Below are some records. Print exactly the lines between the one holding "Photo of Livingroom in Brissago" and the one holding "Buffer Plate Sheet - Color: White", inclusive, and nothing else.

Exercise inputs:
# # #

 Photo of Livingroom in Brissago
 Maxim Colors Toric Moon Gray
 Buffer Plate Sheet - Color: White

# # #

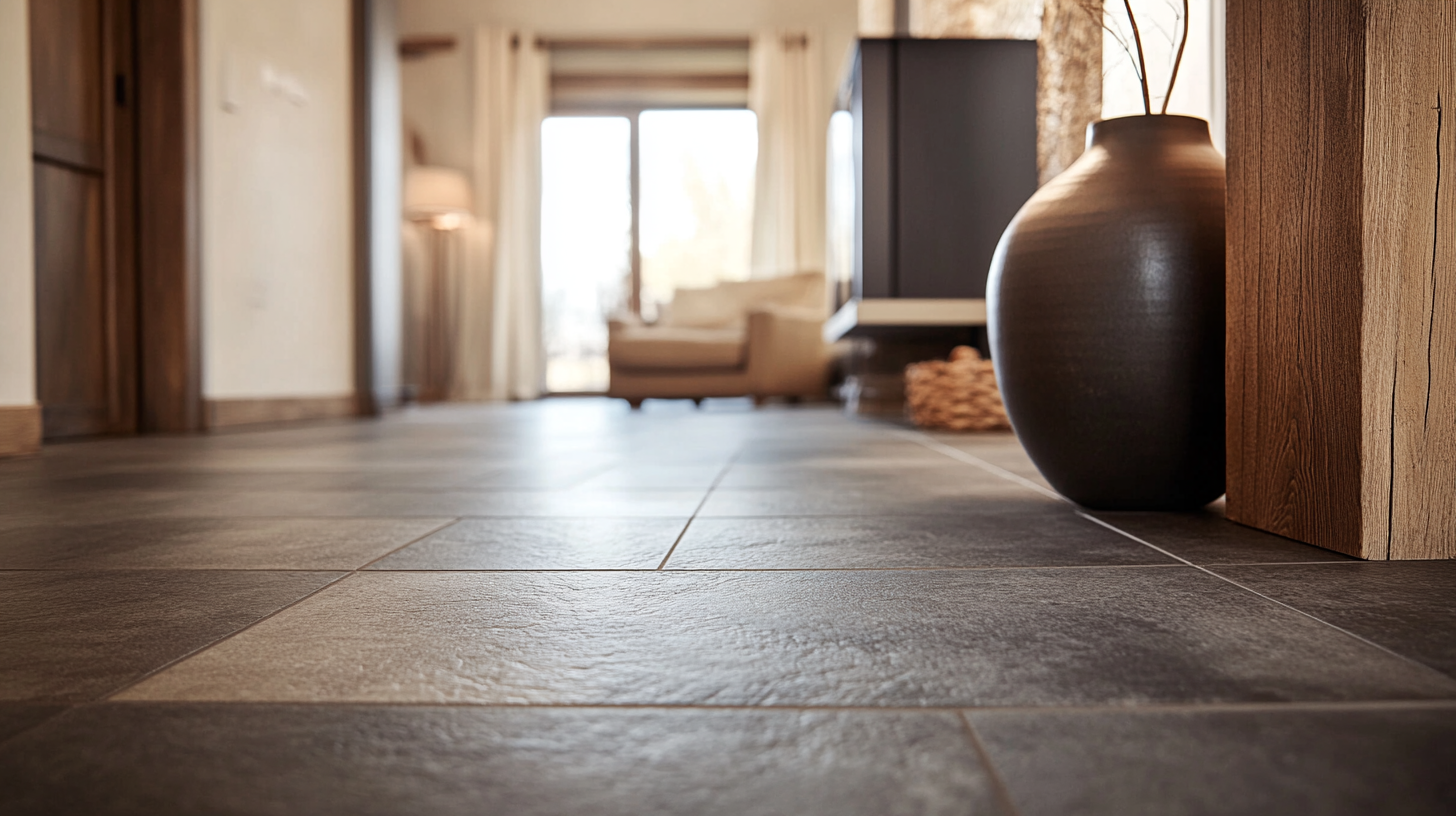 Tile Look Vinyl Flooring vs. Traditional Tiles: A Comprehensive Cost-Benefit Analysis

# # #

Result below:
 Photo of Livingroom in Brissago
 Maxim Colors Toric Moon Gray
 Buffer Plate Sheet - Color: White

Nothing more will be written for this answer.